Literally the peak was driven by "number go up" so the crash was caused by "number stop going up".
If you want to read more:
https://www.amazon.com/gp/product/B01M34NBM2
His thesis is that bubbles can be analyzed as a risk premium on the possibility of a collapse.
Investors need to be seeing a super-exponential increase in prices because as the price decouples from fundamentals they are gambling that they can buy in at a stupidy high price and that it won't actually crash or that they'll be able to pull out before it crashes with a profit.
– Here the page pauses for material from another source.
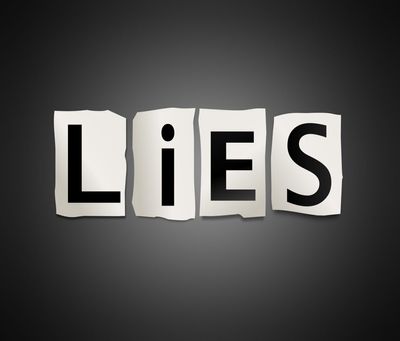 7 “Little” Lies That Quietly Shatter Trust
But as it continues to climb it becomes more likely it is a bubble and more likely that it'll pop, and that actually causes the risk premium to increase, which demands that the price rises enough to meet the risk premium.
Eventually like all positive feedback loops it hits a point where it breaks because the price won't actually rise to infinity dollars.
Then since the number isn't going up it goes down and that risk premium in the price evaporates.
While the math behind a trading algo doesn't have to be extremely sophisticated a very good understanding of stats is necessary to characterize your algo.
I do a ton of work to understand the stat properties of my algo. I use all the classical performance measures like Sharpe, Sortino and so on. But also I try to fit the P&L to distributions, do Monte Carlo, measure performance on a continuous basis. I characterize the frequency and duration of the drawdowns and so on.
Another magnificent source is Sournette. Read everything from that man.